A Winter walk through Summit Lake State Park
They always say that if you don’t like the weather in Indiana, wait 15 minutes. That was true on January 11, 2013 when an unseasonably warm day lead me out to Summit Lake State Park on a beautiful winter day.
When I first got to the park, I ran into a friend of mine, Summit’s Interpretive Naturalist Amber Hook and we decided to drive around. First back toward the campground, then toward the park’s south dock; it was at south dock that we noticed several birds on the lake. The birds included Canada Geese, Swans, and Coots. Many of these birds were sitting on the ice that was slowly melting in the 60 degree temperatures. Amber pointed out that there were 5 swans, three of which were juvenile. Most likely, the adults were the mother and father and the juveniles were siblings.
After our short pit stop at south dock we headed on over to the Summit Lake’s beach parking lot to begin walking trail 3. As we got out of the car to begin our walk we could hear Chipping Sparrow in the woods. The wood that trail 3 meanders through is known as a succession forest leading into a climactic forest, this means that most of the trees are hard wood, cherries and hickory, and range in age from about 60-100 years.
As we walked through the woods we noticed some scat, which was later identified as Coyote scat.
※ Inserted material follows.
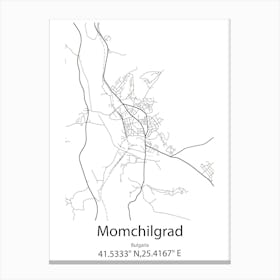 Momchilgrad,Bulgaria Minimalist Map Canvas Print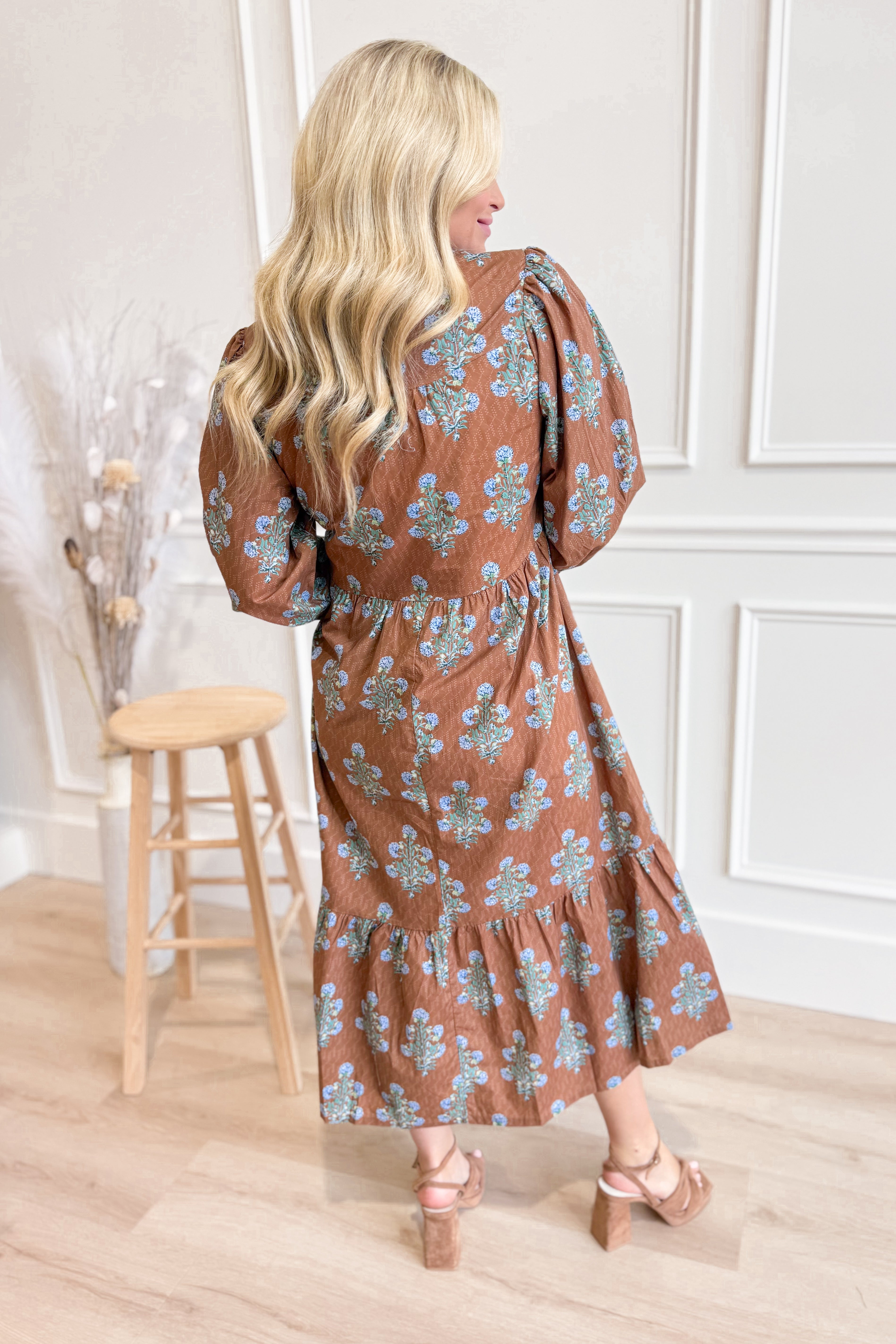 Chelsea Flower Printed Midi Dress - Be You Boutique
While talking to Amber, I learned the difference between scat and dung. Scat is feces that come from an animal that eats meat, while dung comes from an animal that eats plants.
Trail 3 leads walkers toward the lake and has some beautiful sights of the lake; from this vantage you can see the lake’s dam and many coves that were created when the lake was built in the mid-70’s.
After a quick rest on a picnic table on the banks of the lake we decided to finish our walk. The remainder of the trail stays close to the lake and there are plenty of places to take some awesome pictures of the lake. The trail then leads out toward the park’s beach area, which still had a shallow glaze of ice that hadn’t quite melted yet. Amber and I parted ways; I got into my vehicle and home I went.